Rama Rao had already altered something deeper. His subsidised rice scheme in Andhra Pradesh created a direct relationship between the state and ordinary voters, bypassing traditional intermediaries of caste and patronage. Jayalalithaa turned this into a governing philosophy. But welfare alone does not guarantee victory. Jagan Mohan Reddy, Naveen Patnaik and Ashok Gehlot rolled out scheme after scheme. They all eventually lost. Welfare can build a base, but not certainty. Leadership, credibility and political energy still decide elections in the end.

After 2014, the pendulum swung again, this time with considerable force. The constitutional logic of Indian democracy holds that MPs elect the prime minister. Since 2014, in many constituencies it is the prime minister’s face that determines the result. In practice, the prime minister is electing the MPs.

The same logic has been pushed down to the states. In Gujarat, which has returned the BJP to power six consecutive times, many voters would struggle to name the current chief minister. Shivraj Singh Chouhan, who built a strong political identity in Madhya Pradesh, was quietly eased aside. Vasundhara Raje in Rajasthan and Raman Singh in Chhattisgarh were replaced by leaders with far less independent standing. The BJP spent years presenting itself as the antidote to the Congress system—dynastic control, high-command culture and centralisation. In practice, it has created something structurally similar, even if the ideology is different.

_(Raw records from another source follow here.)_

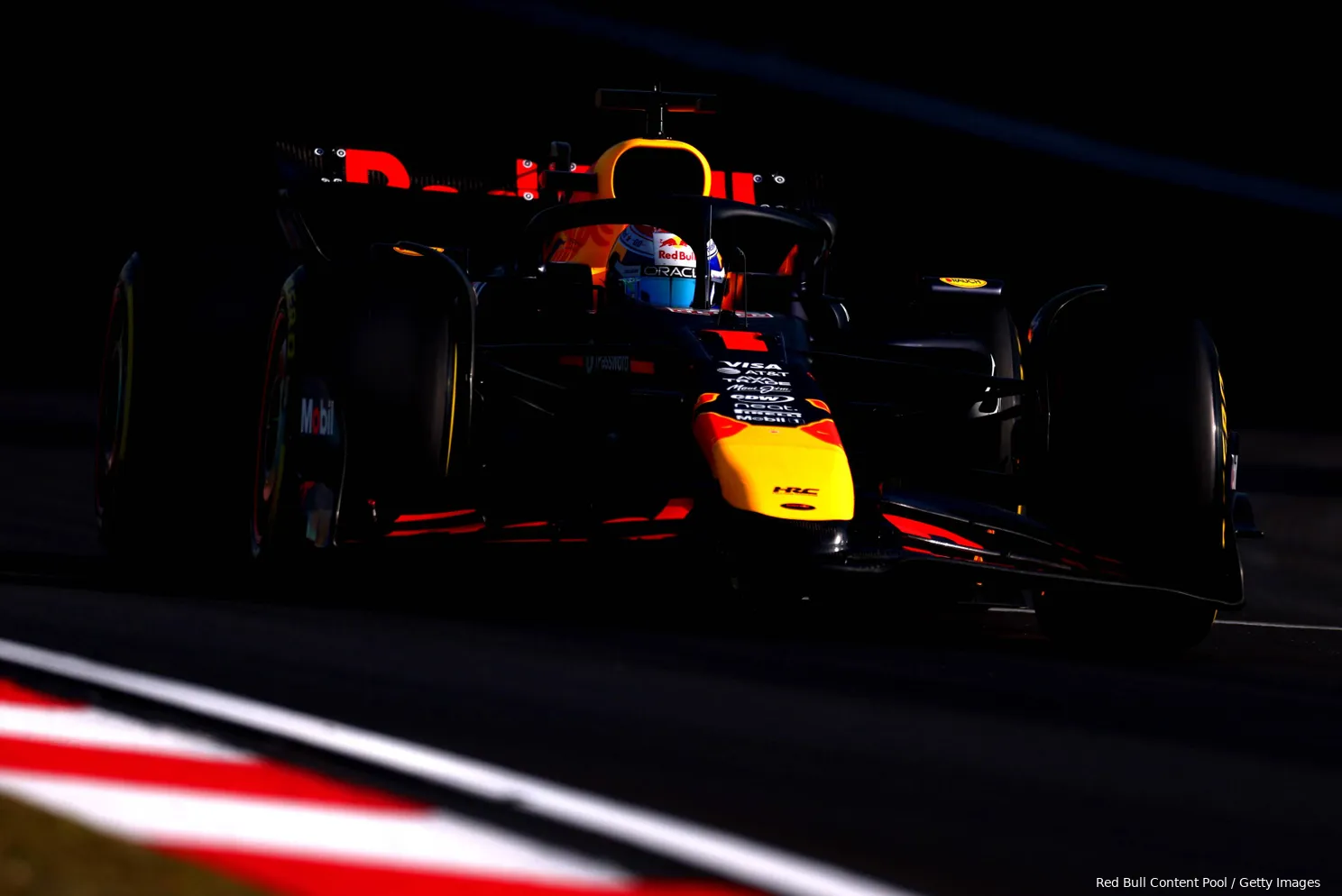 max verstappen red bull racing mooi rb21 1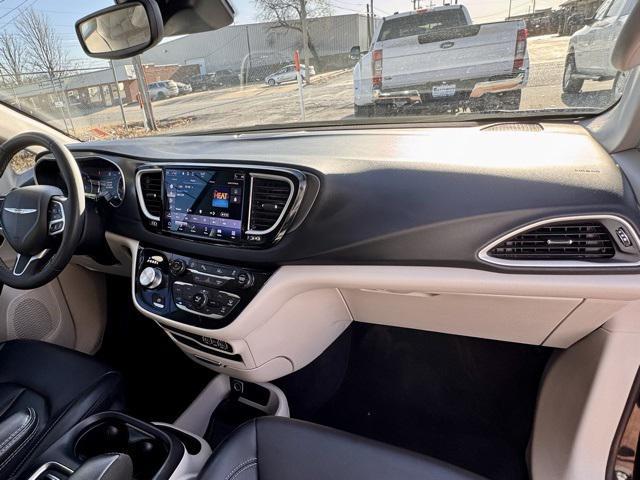 used 2023 Chrysler Pacifica car, priced at $24,601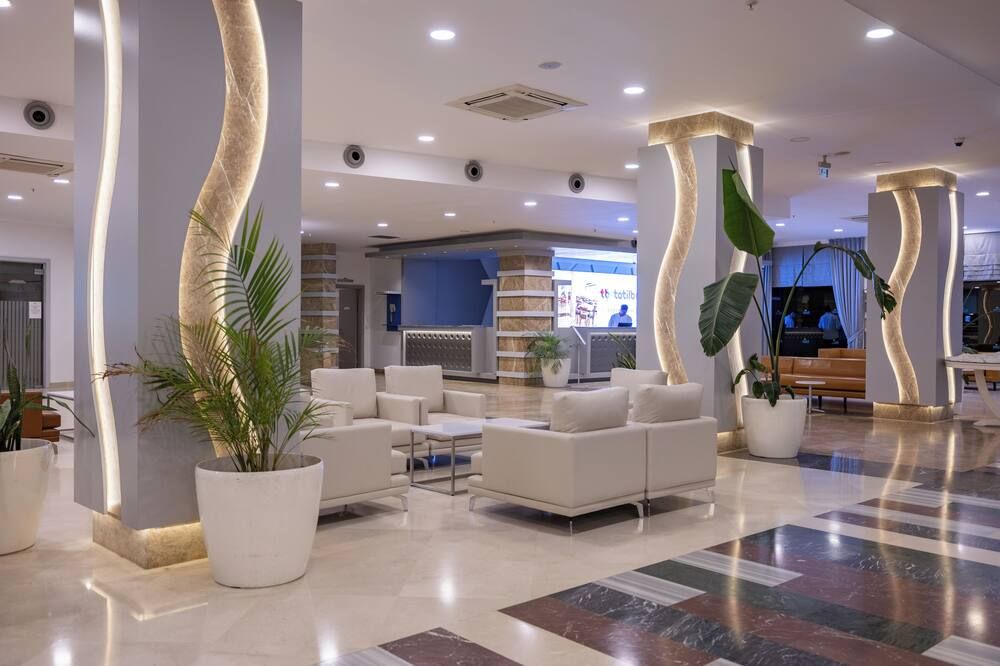 أزور باي يلكين هوتل - شامامل جميع الخدمات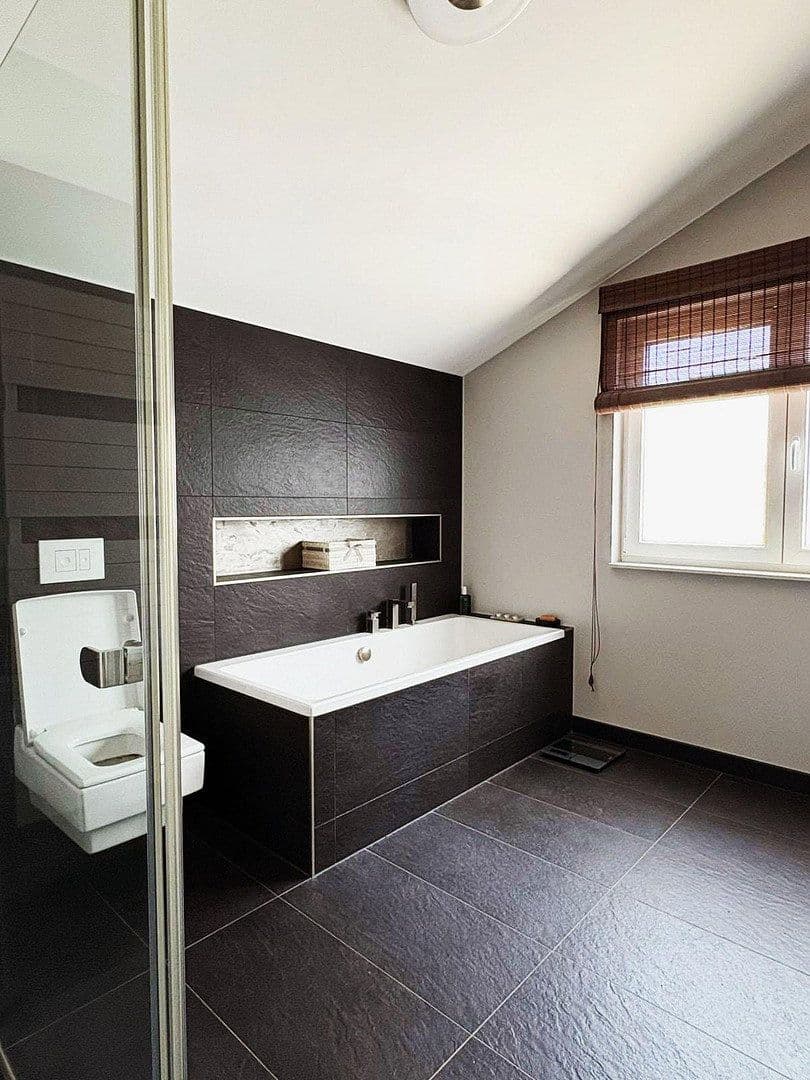 Prodej domu 230 m², pozemek 763 m², Berlin, Berlín Prodej domu 230 m², pozemek 763 m², Berlin, Berlín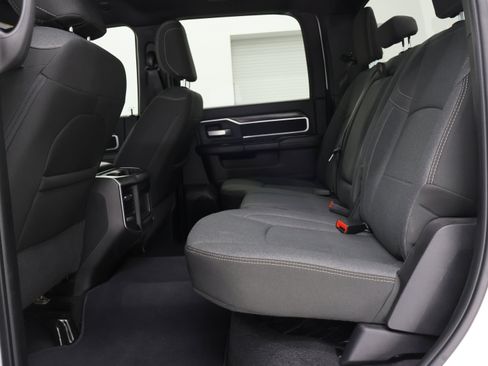 Used 2024 RAM 3500 Big Horn w/ Sport Appearance Package image 9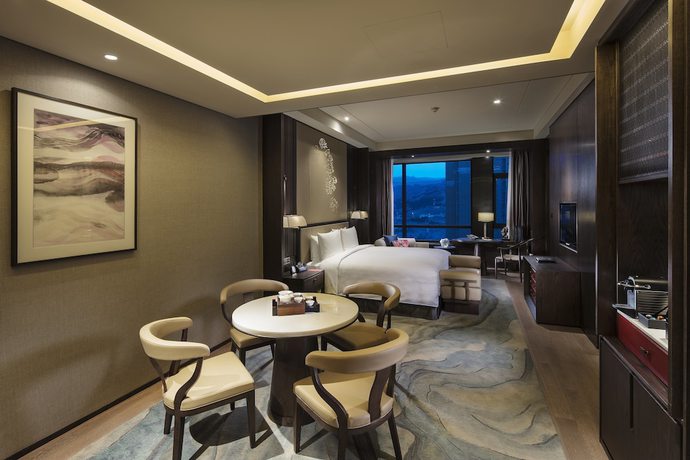 Imagen de la habitación del Hotel Hualuxe Hotels and Resorts Zhangjiakou, An Ihg Hotel. Foto 7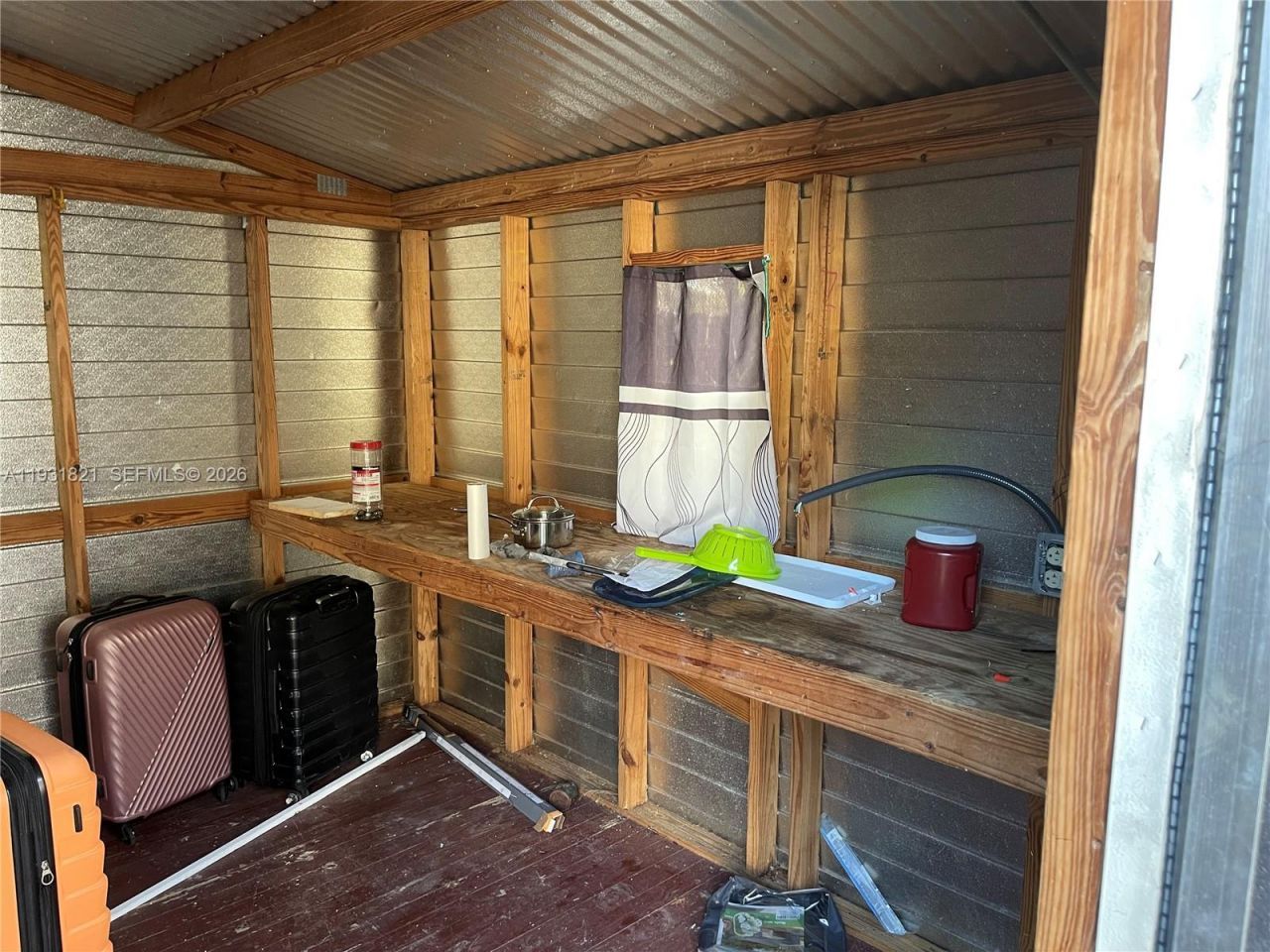 10840 Westwood Lake Dr, Miami, FL 33165 Photo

That is why 2026 matters. Mamata Banerjee in Bengal, M.K. Stalin in Tamil Nadu and Pinarayi Vijayan in Kerala are not leaders waiting for clearance from Delhi. They have built authority rooted in governance, organisation and regional identity. If they hold their ground, it will show that wherever strong linguistic and cultural identities exist, the Centre’s reach still has limits.

As told to Pratul Sharma.

Kidwai is an author and political commentator.